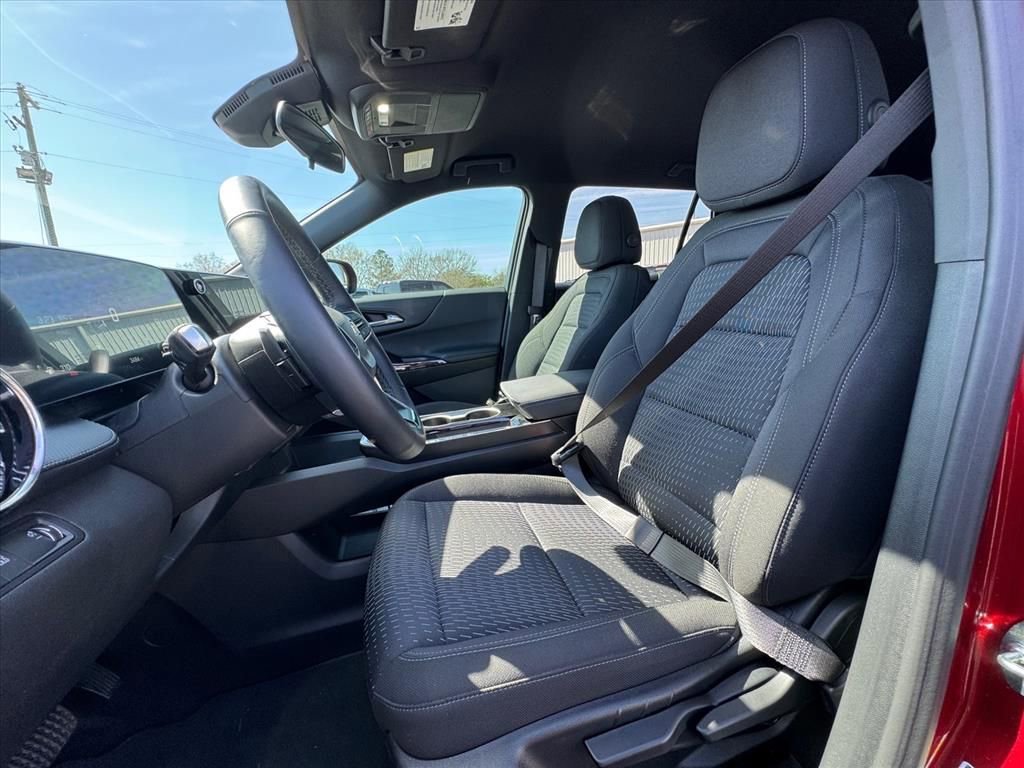 Used 2025 Chevrolet Equinox LT image 14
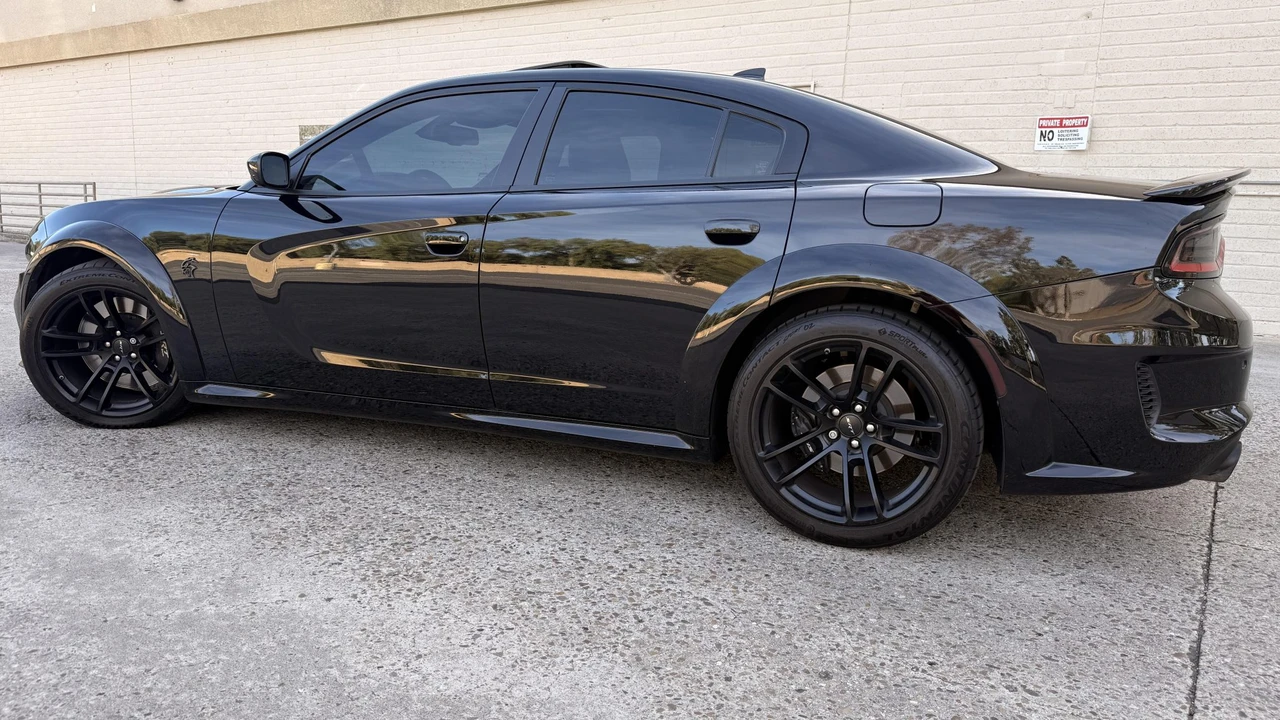 2023 Dodge Charger SRT Hellcat 7th Gen - Image 17 of 31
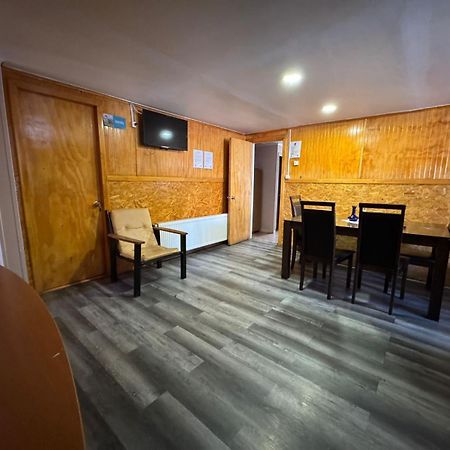 World'S End Hostal 纳塔列斯港 外观 照片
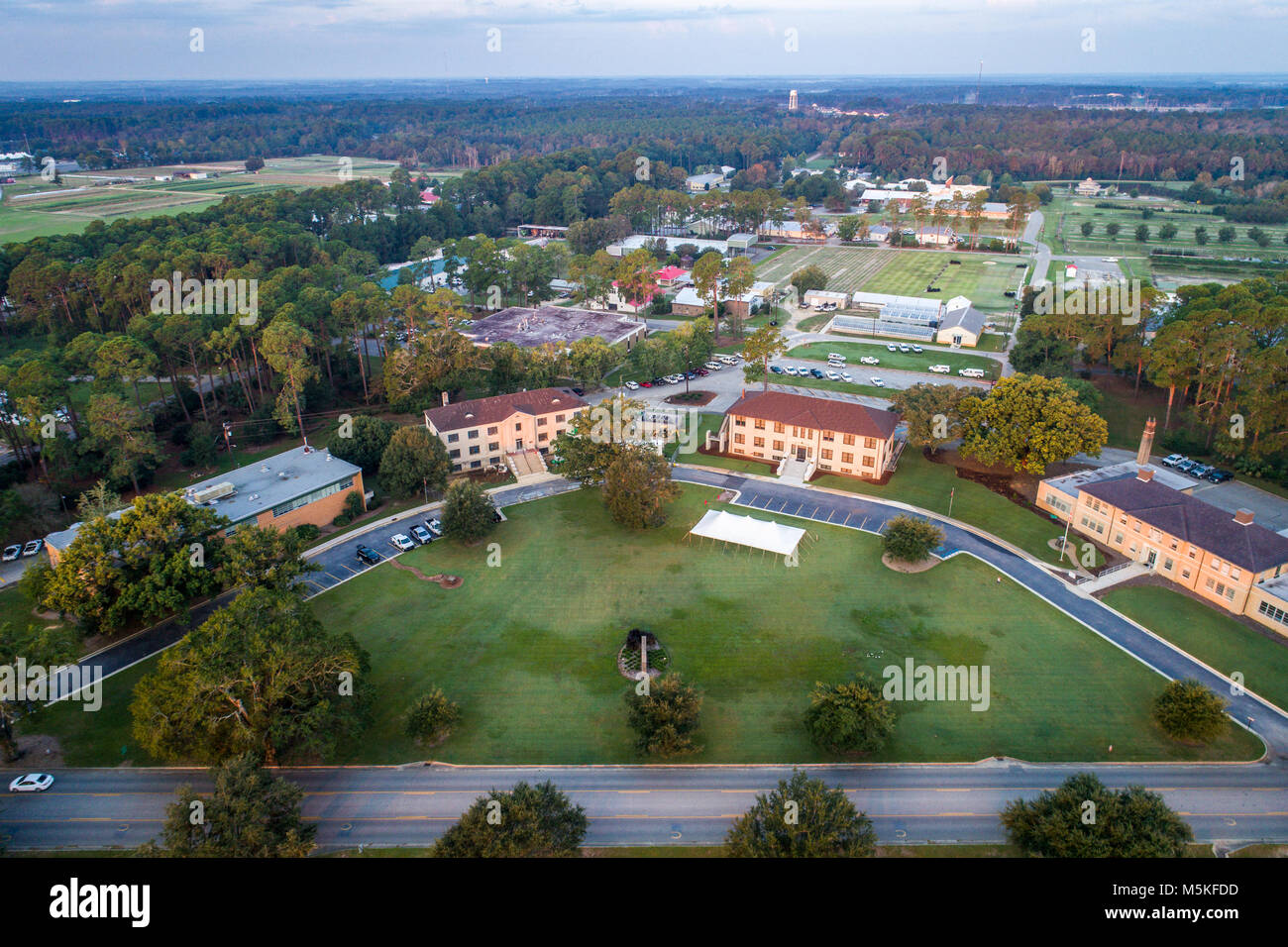 Luftbild mit Blick auf die Vorderseite der Universität von Georgia Tifton, Coastal Plain, Campus und darüber hinaus Stockfoto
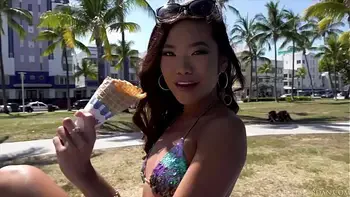 brunettes,outdoors,blowjobs,natural,tattoo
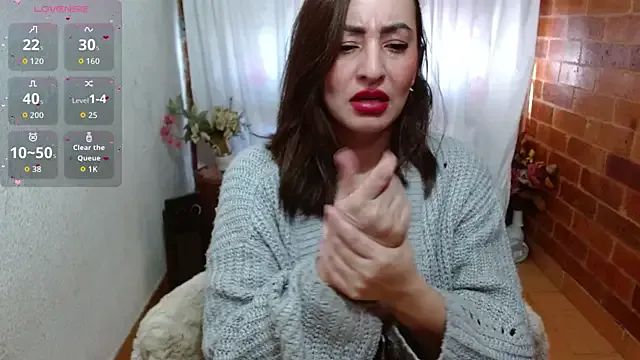 Girls: try live performances with matured performers, from dancing to quirks, in a variety of beautiful sex cams.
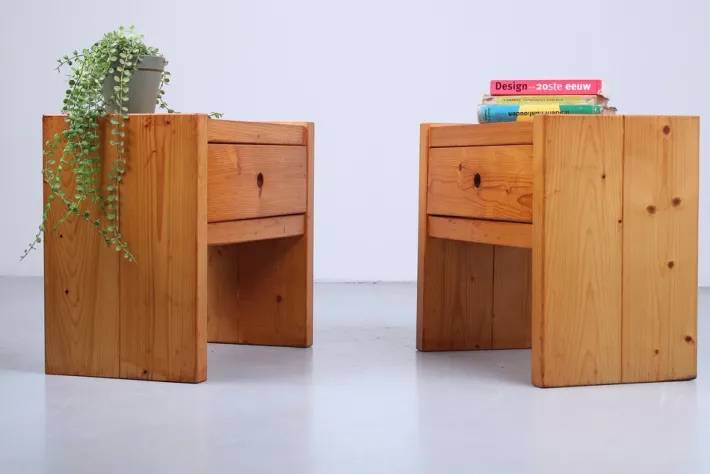 Pamono Pinewood Nightstands from Charlotte Perriand, 1970s, Set of 2 Online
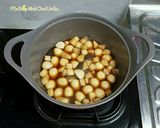 Hình bước làm 5 của món Trứng cút kho nấm 메추리알 버섯조림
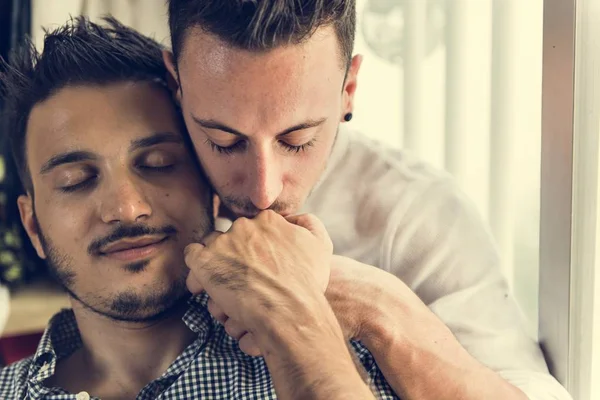 Schwules Paar küsst — Stockfoto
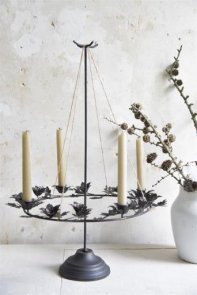 Krans ljusstake på fot Jeanne d’Arc Living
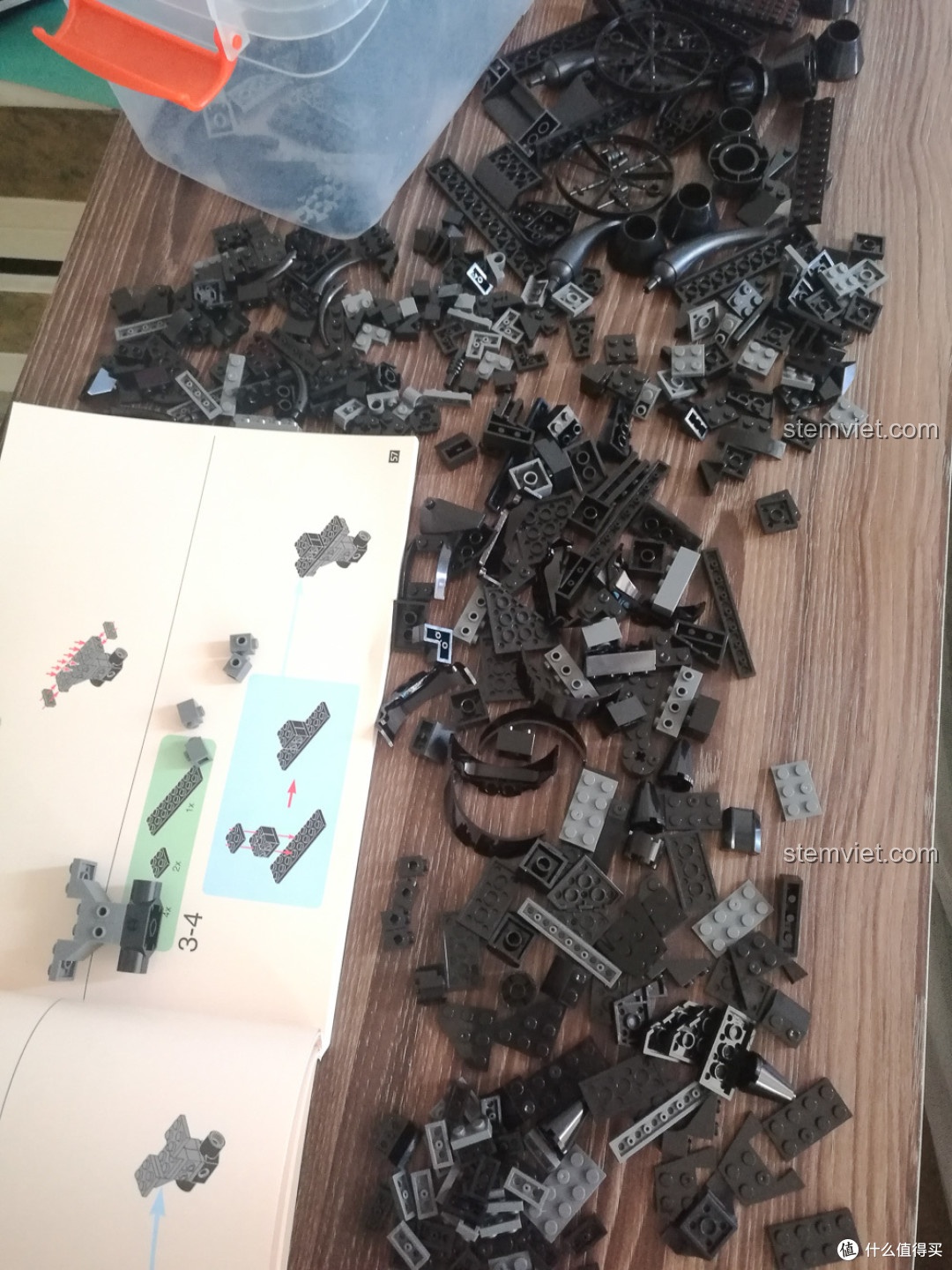 Cảnh tượng bàn làm việc đầy các mảnh ghép màu đen khi lắp phần thân của bộ lắp ghép XB 04001 giá tốt.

— PROBLEM TO SOLVE —
The output has to match the data above line for line, except that pictures are dropped.

— RESULT OF THIS TASK —
 Used 2025 Chevrolet Equinox LT image 14
 2023 Dodge Charger SRT Hellcat 7th Gen - Image 17 of 31
 World'S End Hostal 纳塔列斯港 外观 照片
 Luftbild mit Blick auf die Vorderseite der Universität von Georgia Tifton, Coastal Plain, Campus und darüber hinaus Stockfoto
 brunettes,outdoors,blowjobs,natural,tattoo
 Girls: try live performances with matured performers, from dancing to quirks, in a variety of beautiful sex cams.
 Pamono Pinewood Nightstands from Charlotte Perriand, 1970s, Set of 2 Online
 Hình bước làm 5 của món Trứng cút kho nấm 메추리알 버섯조림
 Schwules Paar küsst — Stockfoto
 Krans ljusstake på fot Jeanne d’Arc Living
 Cảnh tượng bàn làm việc đầy các mảnh ghép màu đen khi lắp phần thân của bộ lắp ghép XB 04001 giá tốt.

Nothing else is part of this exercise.